The steed called Lightning (say the Fates,) Was tamed in the United States; ’Twas Franklin’s hand that caught the horse, ’Twas harnessed by Professor Morse.


Morse replied by acknowledging his dependence on Field for his “favorite dream,” cherished for twenty-three years—“that universal humanity is to be bound in a true social fraternity by instantaneous intercommunication of thought.”

Humanity would have to wait, however. The Adger returned to Port-aux-Basques, where it at last met up with the sailing bark from England, the Sarah L. Bryant, loaded with copper cable. Morse left no account of the fatal mishaps over the next week, which are known only through reports in the press. On August 22 rafts bringing ashore lumber to build a telegraph shack were split by breakers. The lumber was rescued by spectators who rushed armpit-deep into the water, and some dogs that clenched planks in their teeth and swam with them back to the beach. Three days later the ships started out across the Gulf of St. Lawrence to lay the cable. But they collided; the Adger carried away the Bryant’s shrouds. On a second attempt, the Adger’s four-inch-thick towline jammed in its side wheel; in trying to disengage the line the Bryant lost its anchor.
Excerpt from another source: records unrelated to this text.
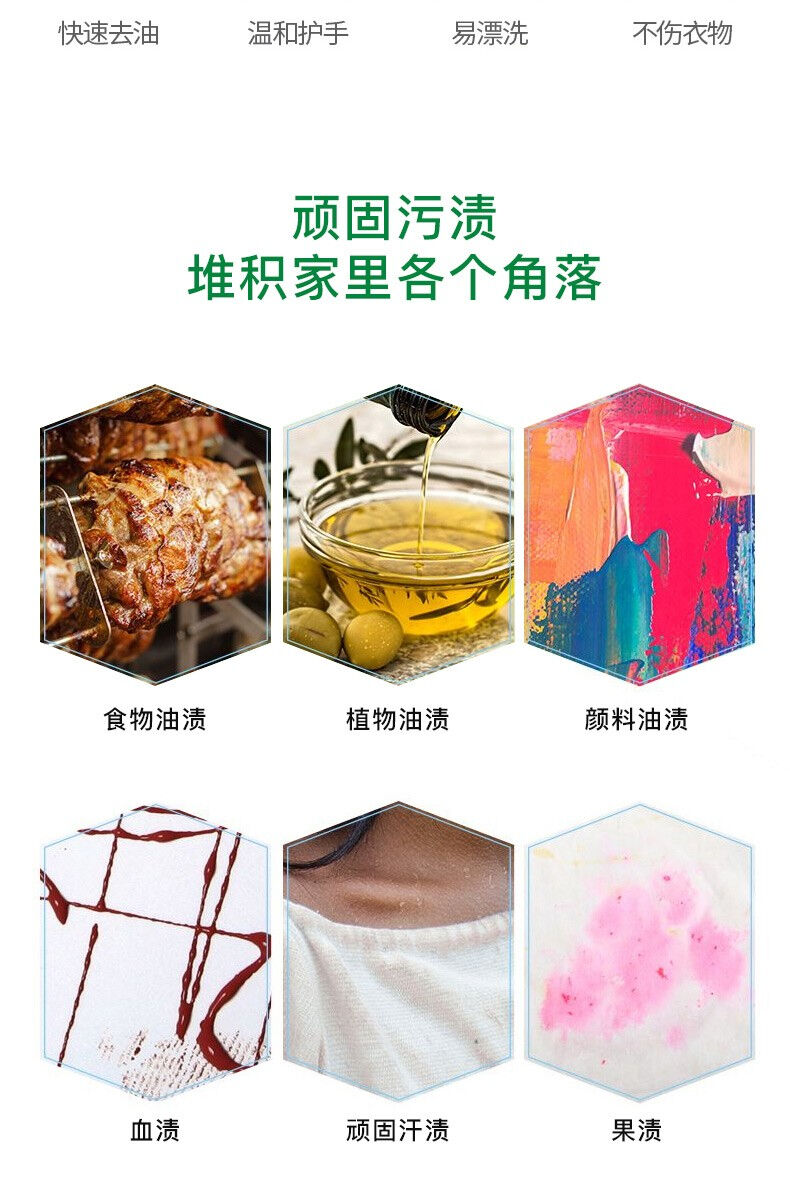 白大俠多功能去污凈1.jpg
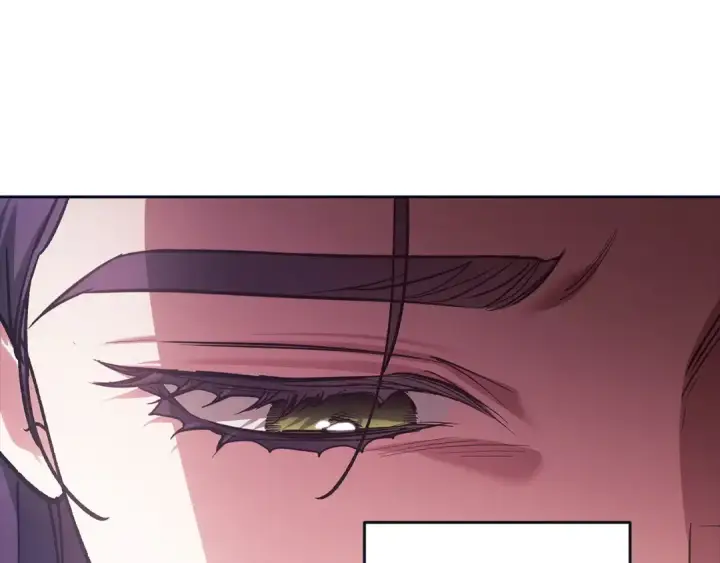 漫画《这个婚反正也要完蛋》第106话 我心疼你第47张图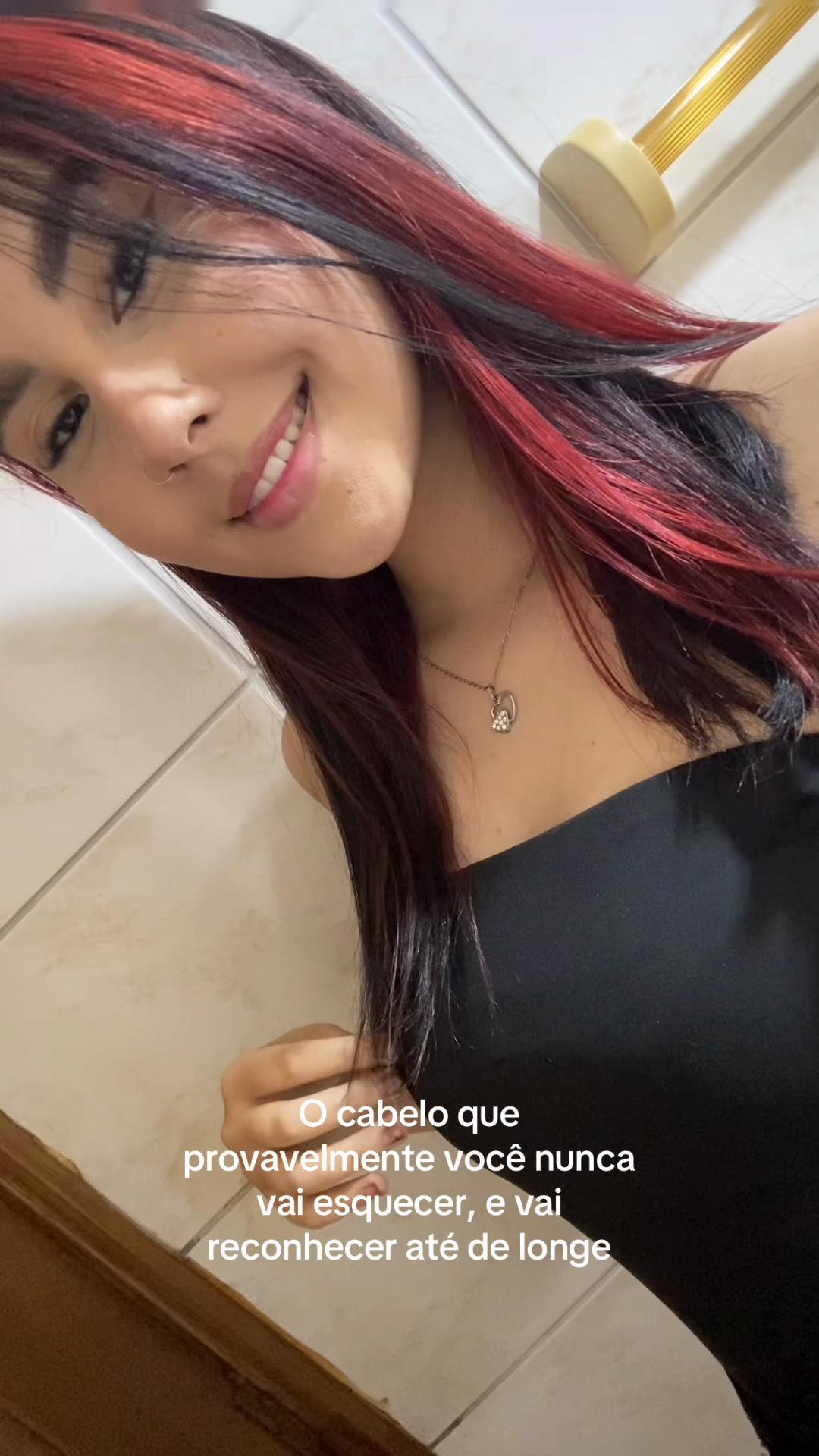 @Melissa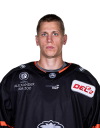 Spieler Bild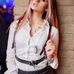 Profile Picture of Candice Melendez (@candice.melendez.5209) on Facebook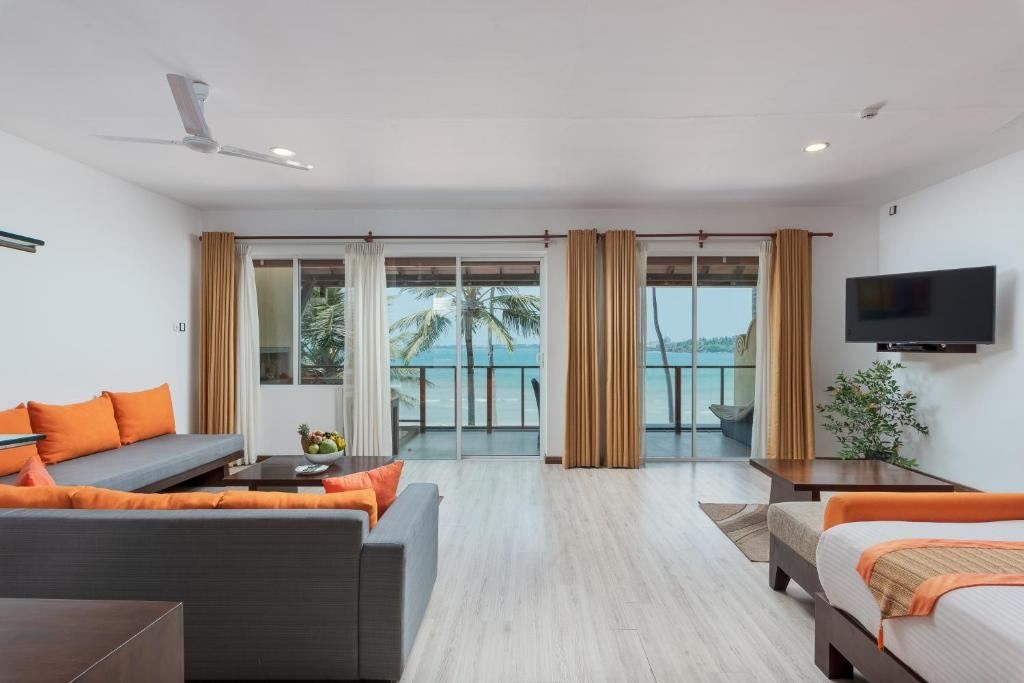 rooms-ocean-privilege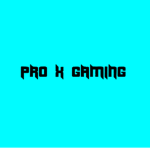 Pro X Gaming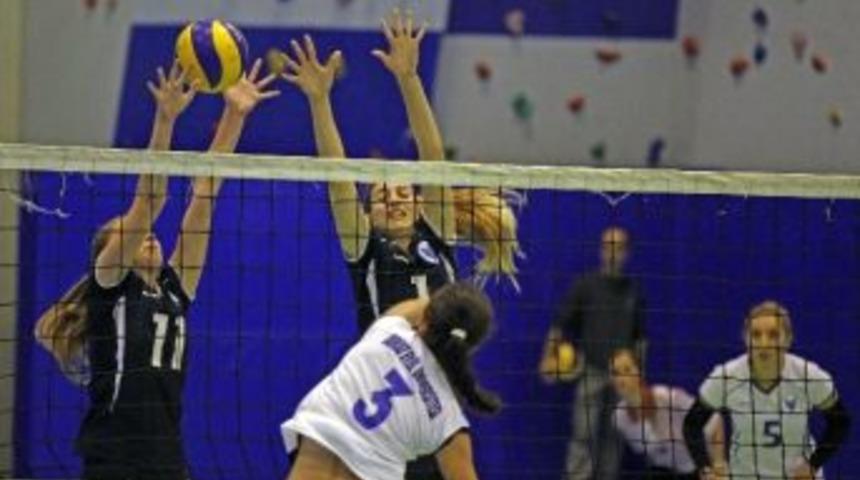 Yaşar&rsquo;ın Sultanları İlk Ma&ccedil;tan Galip Ayrıldı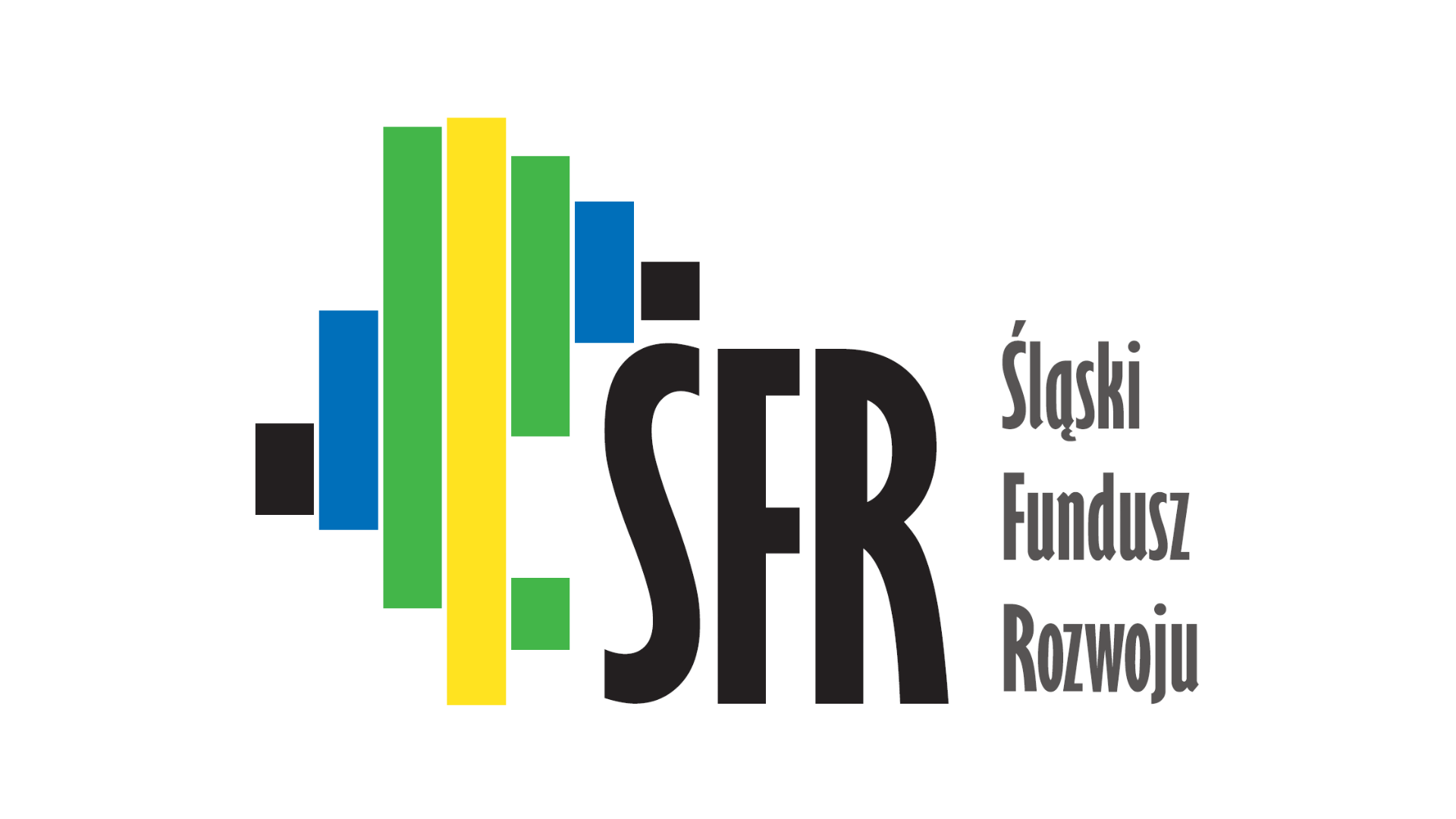Śląski Fundusz Rozwoju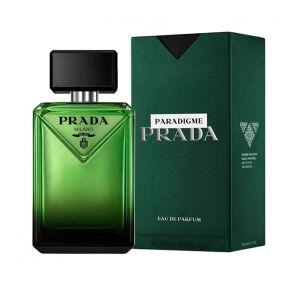 Prada Paradigme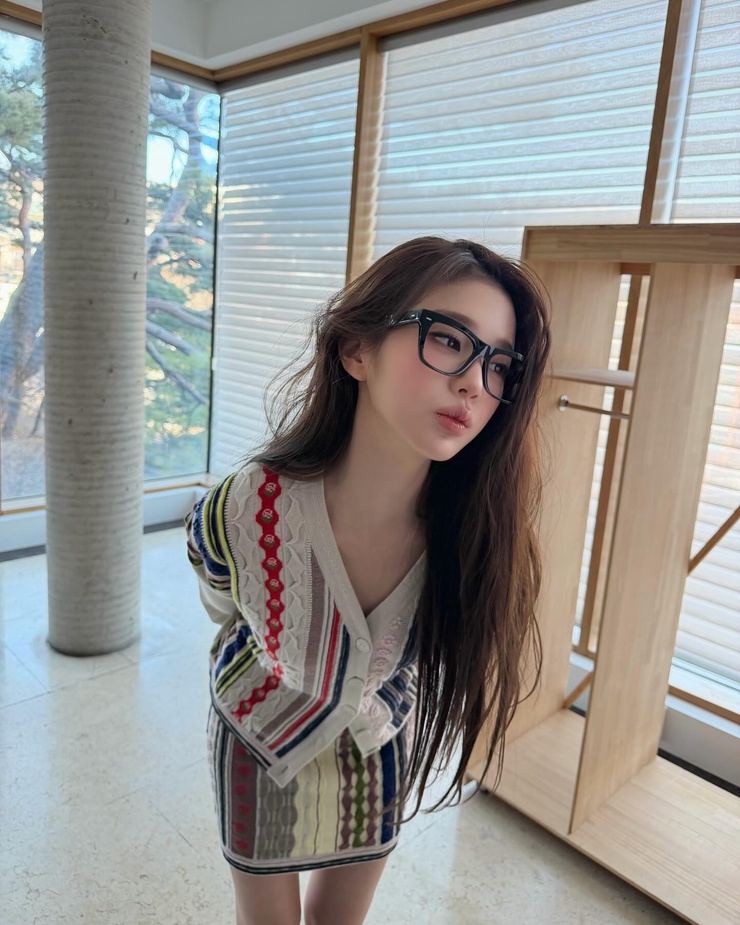 Wonyoung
The ships resumed their attempt to lay the cable on the twenty-seventh, a beautiful morning although with a strong northwest breeze. Late in the afternoon, after about forty miles of cable had been put down, a gale swept the Gulf of St. Lawrence. The Bryant pitched violently, in danger of being pulled under. It held on for hours, but near seven o’clock in the evening, a cry went up from the deck: “The cable is gone!” All forty miles of it sank, irretrievably. The expedition to complete the first stage of the transatlantic telegraph was over, a failure.

Morse and Field’s other guests returned to New York aboard the Adger the first week in September. Some at least stayed in a gala mood, holding a costume party and dancing the schottische. However battered, Field was determined to keep going. But he and his associates had lost about $350,000, a quarter of their capital. And manufacturing a new cable for the gulf would require several months, while the larger enterprise would be set back an entire year.


Morse had grown close to Field and his family. When writing to him, he sometimes sent a kiss for one of Field’s children; Field named a new son after him. What he found out a week or two after returning from Newfoundland therefore came as a nasty surprise. Field and his associates, he learned, had paid $100,000 for patent rights to a new telegraph, invented by a London-born Kentucky music teacher named David Hughes. Like the earlier House telegraph, it used a piano-like keyboard of twenty-eight keys, and printed letters of the alphabet. Its workings were complex, involving the synchronous movement of corresponding parts in the transmitter and receiver, kept in tandem by a spring that vibrated to produce a musical note of a certain pitch.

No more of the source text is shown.